Thursday, July 21, 2011

Feynman for Indian Villages

"Indian science will be finished in the next five years. Our universities have dried up.” When this grim warning is by C.N. Rao, the Prime Minister's own science advisor, it’s time for India to sit up and take notice.
With an impressive history of scientific discovery spanning over thousands of years and no shortage of manpower, why is the future of Indian science so bleak?
One of the major factors for the decline in science over the past few years is the dismal quality of science education imparted to students. Science textbooks are shockingly outdated. College labs are poorly equipped and experiments are infrequently conducted. As faculties at Indian universities are rarely involved in research work their students have no exposure to scientific methods or thinking.
India undoubtedly does have a few excellent institutions for science & technology such as IISc, TIFR and the famed IIT’s, but these are far too few and selective to lift Indian science out of the doldrums. International systems of schooling such as the IB are replacing Indian boards such as ICSE and CBSE in cities, but most of the Indian population cannot dream of affording these exclusive schools.

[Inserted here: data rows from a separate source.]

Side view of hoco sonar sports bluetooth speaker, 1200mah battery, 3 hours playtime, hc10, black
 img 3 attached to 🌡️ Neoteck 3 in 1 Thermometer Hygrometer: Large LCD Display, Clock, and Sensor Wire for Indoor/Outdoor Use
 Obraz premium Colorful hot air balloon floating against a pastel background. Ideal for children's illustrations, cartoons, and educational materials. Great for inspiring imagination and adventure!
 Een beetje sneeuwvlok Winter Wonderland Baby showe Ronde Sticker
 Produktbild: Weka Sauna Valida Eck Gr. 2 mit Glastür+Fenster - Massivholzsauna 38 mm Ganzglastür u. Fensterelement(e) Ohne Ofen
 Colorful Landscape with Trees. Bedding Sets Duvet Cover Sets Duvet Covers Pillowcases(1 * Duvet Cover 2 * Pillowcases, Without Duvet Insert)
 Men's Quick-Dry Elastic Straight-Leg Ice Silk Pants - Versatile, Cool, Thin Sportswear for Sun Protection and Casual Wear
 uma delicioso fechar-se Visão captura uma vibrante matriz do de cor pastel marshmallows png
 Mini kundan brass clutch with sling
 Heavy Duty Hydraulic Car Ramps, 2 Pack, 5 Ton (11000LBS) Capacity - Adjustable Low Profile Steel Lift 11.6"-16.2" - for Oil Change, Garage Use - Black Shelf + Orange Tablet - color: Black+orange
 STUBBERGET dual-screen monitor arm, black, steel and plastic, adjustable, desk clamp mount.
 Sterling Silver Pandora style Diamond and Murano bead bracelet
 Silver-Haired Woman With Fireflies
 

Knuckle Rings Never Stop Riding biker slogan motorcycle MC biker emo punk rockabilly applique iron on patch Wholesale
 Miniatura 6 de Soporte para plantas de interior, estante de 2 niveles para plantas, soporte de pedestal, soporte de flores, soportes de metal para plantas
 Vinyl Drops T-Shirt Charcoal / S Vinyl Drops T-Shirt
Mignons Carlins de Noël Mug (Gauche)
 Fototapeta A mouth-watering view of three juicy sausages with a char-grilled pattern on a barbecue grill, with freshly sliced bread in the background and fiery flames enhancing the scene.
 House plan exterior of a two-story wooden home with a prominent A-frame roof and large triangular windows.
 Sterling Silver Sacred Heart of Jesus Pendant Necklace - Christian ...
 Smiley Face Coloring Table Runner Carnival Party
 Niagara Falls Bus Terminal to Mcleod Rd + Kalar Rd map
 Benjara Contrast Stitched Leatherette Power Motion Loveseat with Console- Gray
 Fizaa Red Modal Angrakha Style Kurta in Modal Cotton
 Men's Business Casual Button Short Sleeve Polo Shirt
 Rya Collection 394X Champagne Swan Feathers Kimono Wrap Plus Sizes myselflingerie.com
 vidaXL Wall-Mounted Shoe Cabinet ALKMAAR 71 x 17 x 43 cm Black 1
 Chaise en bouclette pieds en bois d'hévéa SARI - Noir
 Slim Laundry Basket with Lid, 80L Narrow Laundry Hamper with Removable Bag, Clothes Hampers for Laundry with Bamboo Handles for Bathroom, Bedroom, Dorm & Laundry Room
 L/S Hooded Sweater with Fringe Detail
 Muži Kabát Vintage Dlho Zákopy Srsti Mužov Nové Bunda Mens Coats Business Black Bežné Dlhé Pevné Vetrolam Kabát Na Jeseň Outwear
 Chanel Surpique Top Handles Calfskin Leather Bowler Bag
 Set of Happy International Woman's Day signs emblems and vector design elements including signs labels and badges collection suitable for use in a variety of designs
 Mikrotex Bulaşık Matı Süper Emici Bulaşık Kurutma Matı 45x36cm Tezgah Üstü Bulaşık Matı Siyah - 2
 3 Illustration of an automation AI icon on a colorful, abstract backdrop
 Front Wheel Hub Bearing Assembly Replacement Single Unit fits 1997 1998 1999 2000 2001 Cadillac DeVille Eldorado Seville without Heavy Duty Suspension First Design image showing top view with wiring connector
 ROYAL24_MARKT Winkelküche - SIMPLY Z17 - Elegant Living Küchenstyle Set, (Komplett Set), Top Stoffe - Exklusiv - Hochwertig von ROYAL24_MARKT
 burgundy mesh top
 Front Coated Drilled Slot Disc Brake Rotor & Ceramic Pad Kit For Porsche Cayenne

The country needs a homegrown solution that reaches out to the masses if it hopes to resurface as a global leader in basic sciences. Of a population of over a billion, 400 million Indians are illiterate. Seventy five percent of them live in rural areas and have no access to basic resources or funds for education. Properly motivated, this staggeringly large 'unexploited brainpower' can be transformed to generate massive economic and social returns for the country.